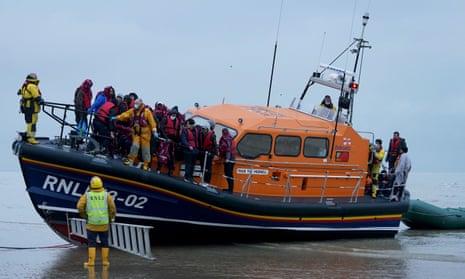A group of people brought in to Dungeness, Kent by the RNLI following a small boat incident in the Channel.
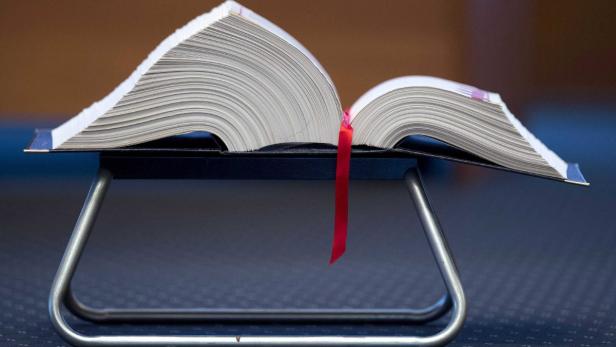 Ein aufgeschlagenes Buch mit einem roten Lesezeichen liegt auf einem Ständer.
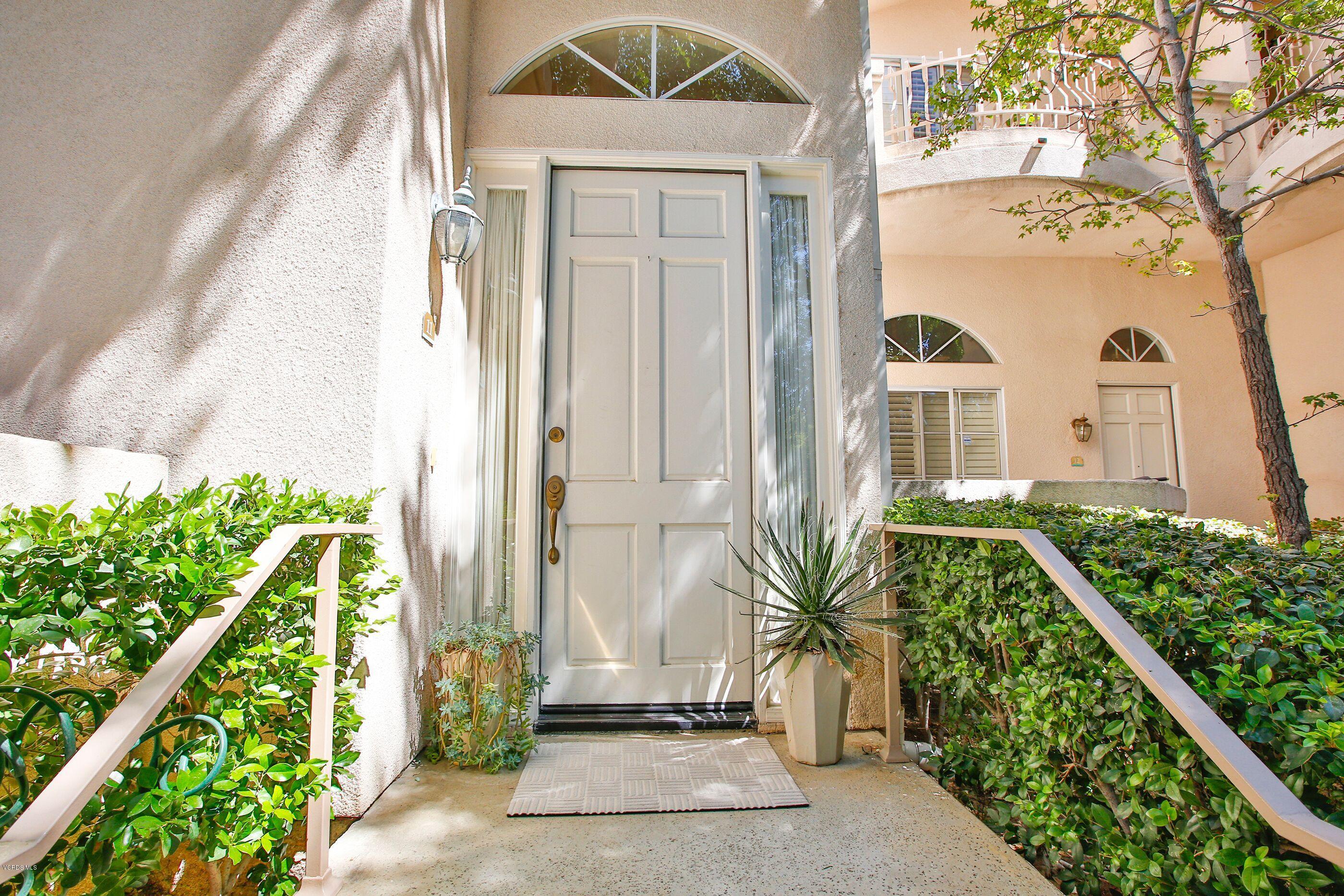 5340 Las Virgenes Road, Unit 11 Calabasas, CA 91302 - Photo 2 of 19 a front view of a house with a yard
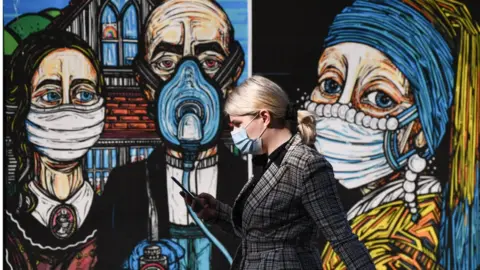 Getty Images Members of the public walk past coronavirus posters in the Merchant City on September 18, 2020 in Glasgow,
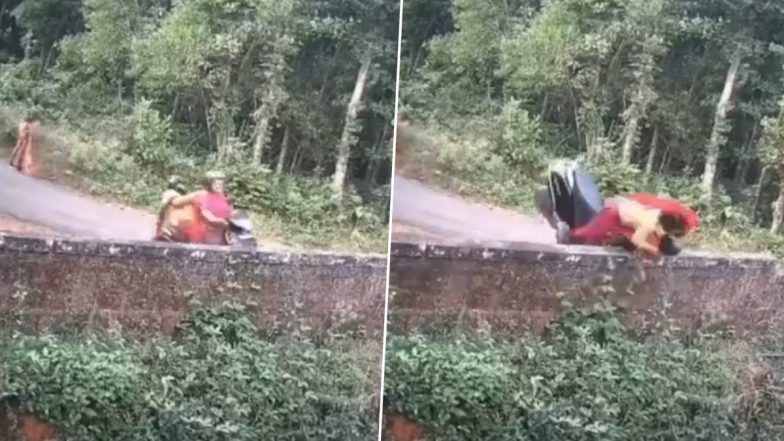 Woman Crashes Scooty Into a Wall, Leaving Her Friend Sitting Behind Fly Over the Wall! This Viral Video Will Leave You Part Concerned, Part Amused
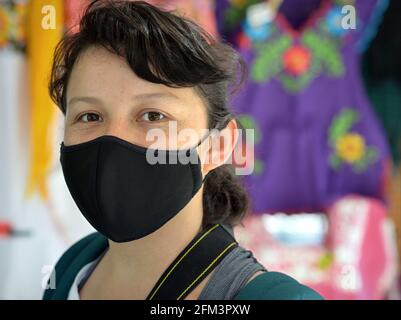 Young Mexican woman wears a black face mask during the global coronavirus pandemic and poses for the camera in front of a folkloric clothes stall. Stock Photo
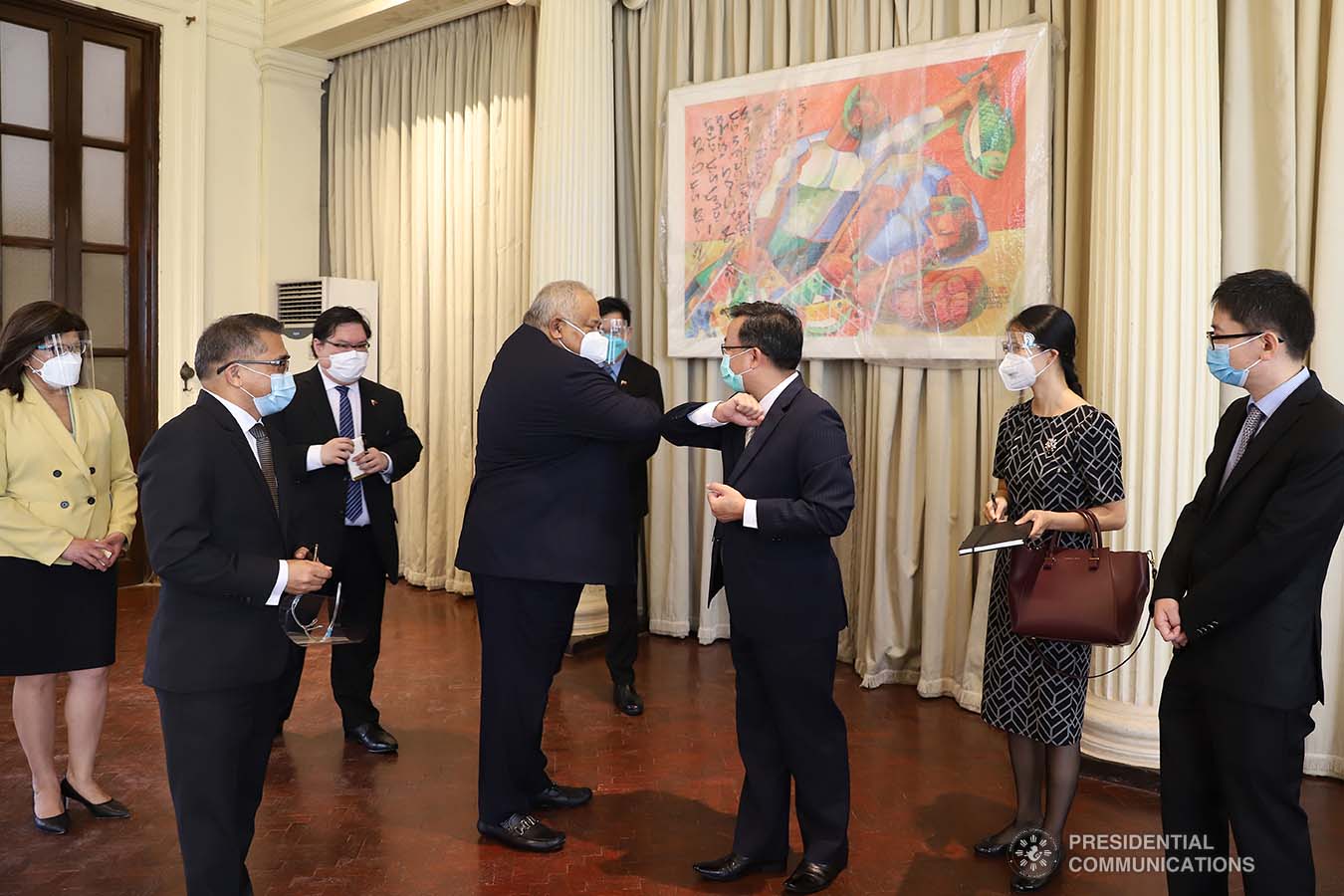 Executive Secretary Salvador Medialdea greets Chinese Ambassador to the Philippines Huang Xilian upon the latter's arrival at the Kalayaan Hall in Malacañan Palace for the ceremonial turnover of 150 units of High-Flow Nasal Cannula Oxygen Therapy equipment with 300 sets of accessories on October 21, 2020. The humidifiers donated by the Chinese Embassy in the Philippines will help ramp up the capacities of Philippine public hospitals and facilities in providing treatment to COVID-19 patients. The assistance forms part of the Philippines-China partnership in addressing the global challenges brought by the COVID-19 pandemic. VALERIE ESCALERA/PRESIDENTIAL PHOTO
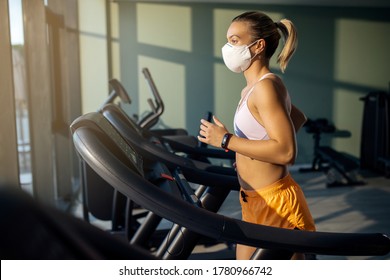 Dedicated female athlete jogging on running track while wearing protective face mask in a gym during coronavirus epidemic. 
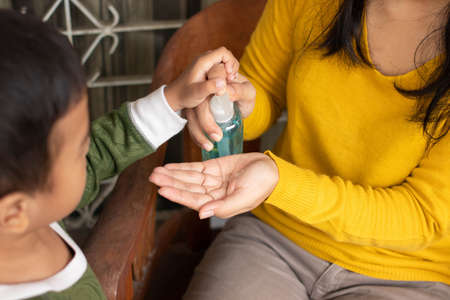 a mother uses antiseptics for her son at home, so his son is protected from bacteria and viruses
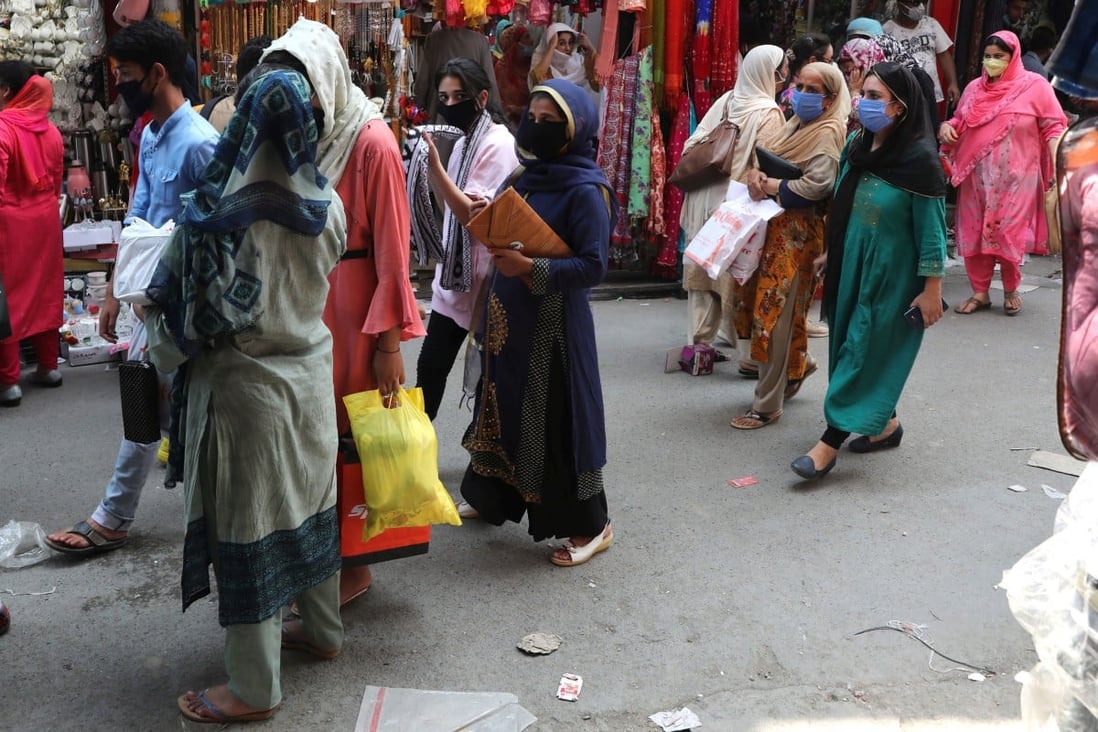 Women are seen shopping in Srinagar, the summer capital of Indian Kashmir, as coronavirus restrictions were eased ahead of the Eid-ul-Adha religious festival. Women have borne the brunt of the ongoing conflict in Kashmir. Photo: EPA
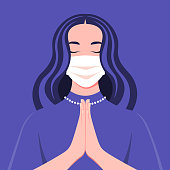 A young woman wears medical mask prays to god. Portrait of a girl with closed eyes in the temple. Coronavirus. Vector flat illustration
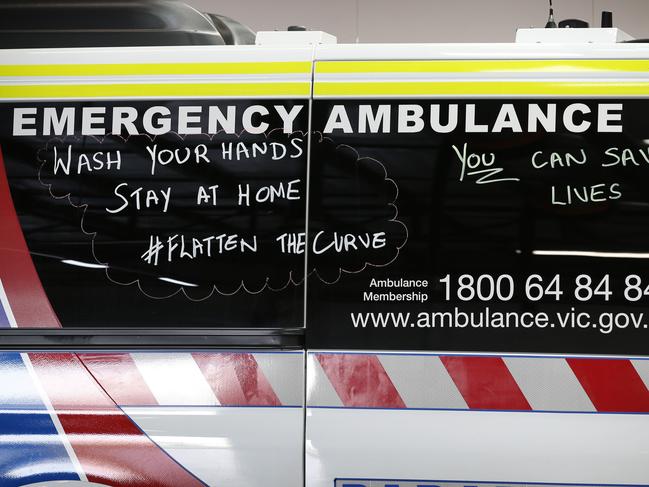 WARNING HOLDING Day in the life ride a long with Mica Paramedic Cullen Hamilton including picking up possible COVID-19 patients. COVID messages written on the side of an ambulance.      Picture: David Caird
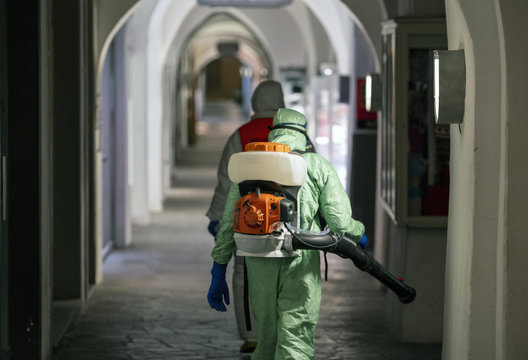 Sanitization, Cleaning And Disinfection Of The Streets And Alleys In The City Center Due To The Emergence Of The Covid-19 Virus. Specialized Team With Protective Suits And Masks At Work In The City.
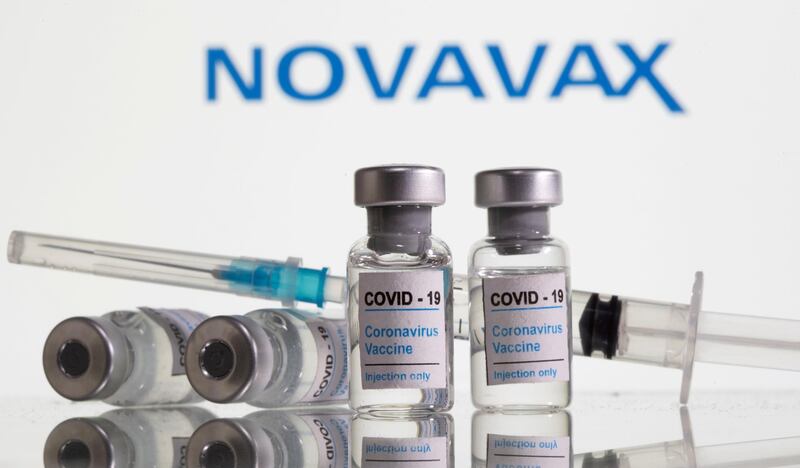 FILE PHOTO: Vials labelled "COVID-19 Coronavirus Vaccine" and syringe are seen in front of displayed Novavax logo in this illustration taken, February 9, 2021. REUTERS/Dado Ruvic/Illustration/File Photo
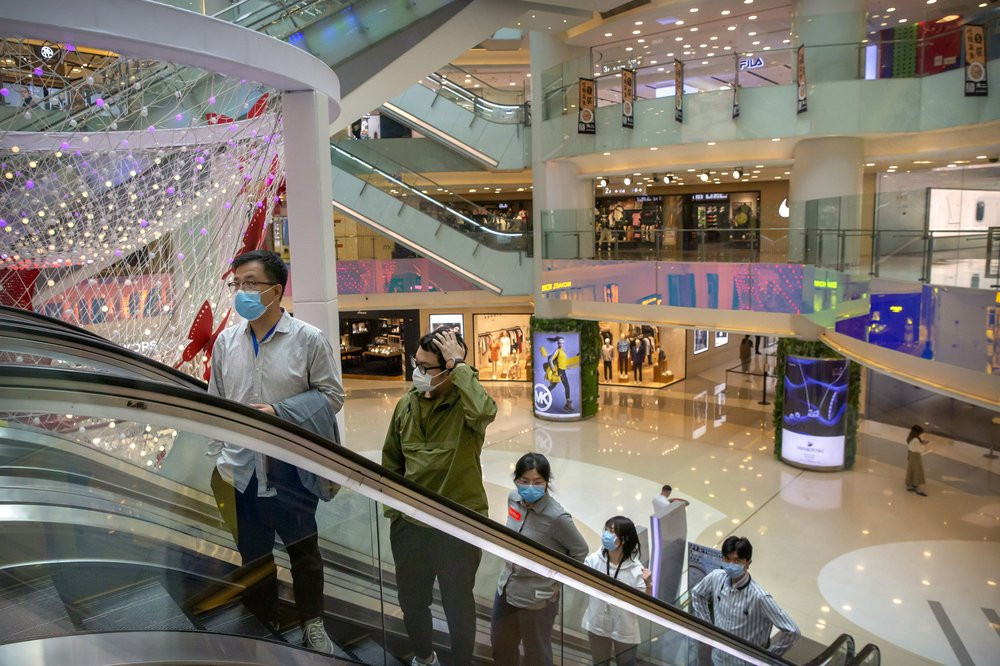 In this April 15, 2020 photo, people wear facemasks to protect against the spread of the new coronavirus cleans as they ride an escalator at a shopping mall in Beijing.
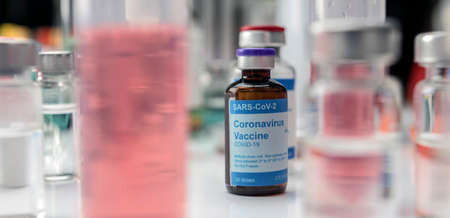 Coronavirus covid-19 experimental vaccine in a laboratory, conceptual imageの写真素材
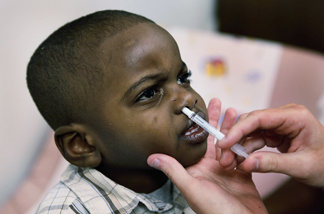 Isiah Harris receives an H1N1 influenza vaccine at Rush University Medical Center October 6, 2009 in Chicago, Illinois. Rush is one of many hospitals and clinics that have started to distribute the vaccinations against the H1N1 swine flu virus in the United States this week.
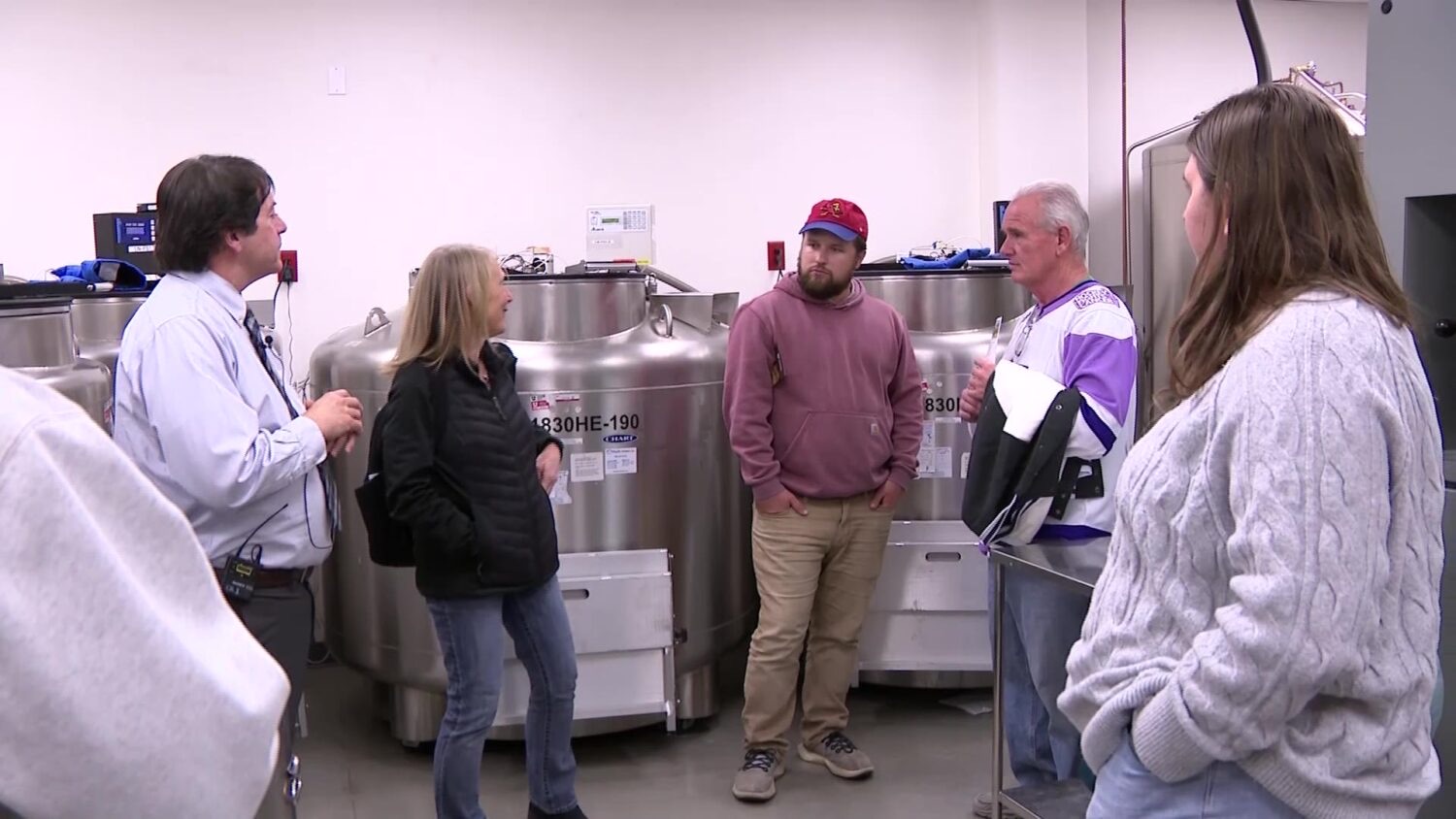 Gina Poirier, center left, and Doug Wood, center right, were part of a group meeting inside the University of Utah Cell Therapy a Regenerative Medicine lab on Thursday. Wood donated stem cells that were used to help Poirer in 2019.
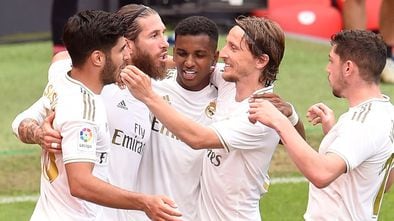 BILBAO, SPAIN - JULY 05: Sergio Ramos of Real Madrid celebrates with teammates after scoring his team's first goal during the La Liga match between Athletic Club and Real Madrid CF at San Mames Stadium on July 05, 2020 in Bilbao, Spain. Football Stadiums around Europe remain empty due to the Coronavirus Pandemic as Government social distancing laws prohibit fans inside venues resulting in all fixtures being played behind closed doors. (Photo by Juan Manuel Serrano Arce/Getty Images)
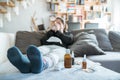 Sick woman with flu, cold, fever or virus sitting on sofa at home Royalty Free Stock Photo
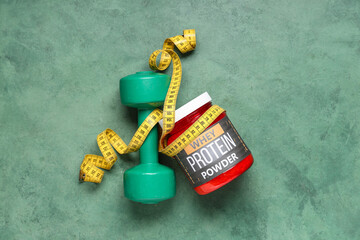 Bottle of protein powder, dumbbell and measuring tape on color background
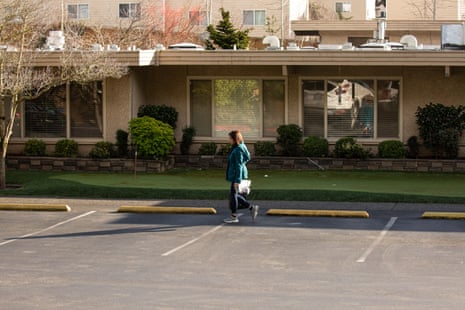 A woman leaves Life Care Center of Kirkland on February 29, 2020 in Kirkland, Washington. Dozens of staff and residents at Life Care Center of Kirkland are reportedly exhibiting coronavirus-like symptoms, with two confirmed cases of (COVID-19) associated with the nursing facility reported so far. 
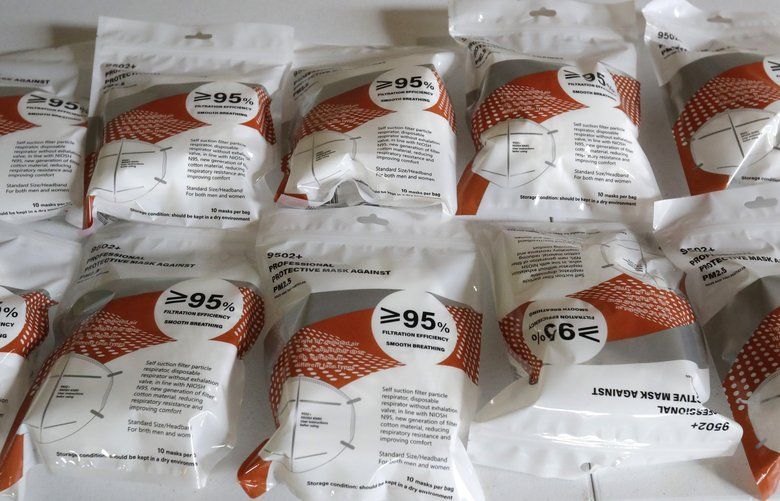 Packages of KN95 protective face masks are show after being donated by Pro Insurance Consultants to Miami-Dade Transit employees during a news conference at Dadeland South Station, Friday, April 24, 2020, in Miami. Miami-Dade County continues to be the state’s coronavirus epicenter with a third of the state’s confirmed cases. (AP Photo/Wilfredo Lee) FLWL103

=-=-=

▶ **Action item**
The answer must be an exact copy of the lines from the start of the records above through the line containing "WARNING HOLDING Day", with no pictures in it.

▶ **Answer space**
A group of people brought in to Dungeness, Kent by the RNLI following a small boat incident in the Channel.
 Ein aufgeschlagenes Buch mit einem roten Lesezeichen liegt auf einem Ständer.
 5340 Las Virgenes Road, Unit 11 Calabasas, CA 91302 - Photo 2 of 19 a front view of a house with a yard
 Getty Images Members of the public walk past coronavirus posters in the Merchant City on September 18, 2020 in Glasgow,
 Woman Crashes Scooty Into a Wall, Leaving Her Friend Sitting Behind Fly Over the Wall! This Viral Video Will Leave You Part Concerned, Part Amused
 Young Mexican woman wears a black face mask during the global coronavirus pandemic and poses for the camera in front of a folkloric clothes stall. Stock Photo
 Executive Secretary Salvador Medialdea greets Chinese Ambassador to the Philippines Huang Xilian upon the latter's arrival at the Kalayaan Hall in Malacañan Palace for the ceremonial turnover of 150 units of High-Flow Nasal Cannula Oxygen Therapy equipment with 300 sets of accessories on October 21, 2020. The humidifiers donated by the Chinese Embassy in the Philippines will help ramp up the capacities of Philippine public hospitals and facilities in providing treatment to COVID-19 patients. The assistance forms part of the Philippines-China partnership in addressing the global challenges brought by the COVID-19 pandemic. VALERIE ESCALERA/PRESIDENTIAL PHOTO
 Dedicated female athlete jogging on running track while wearing protective face mask in a gym during coronavirus epidemic. 
 a mother uses antiseptics for her son at home, so his son is protected from bacteria and viruses
 Women are seen shopping in Srinagar, the summer capital of Indian Kashmir, as coronavirus restrictions were eased ahead of the Eid-ul-Adha religious festival. Women have borne the brunt of the ongoing conflict in Kashmir. Photo: EPA
 A young woman wears medical mask prays to god. Portrait of a girl with closed eyes in the temple. Coronavirus. Vector flat illustration
 WARNING HOLDING Day in the life ride a long with Mica Paramedic Cullen Hamilton including picking up possible COVID-19 patients. COVID messages written on the side of an ambulance.      Picture: David Caird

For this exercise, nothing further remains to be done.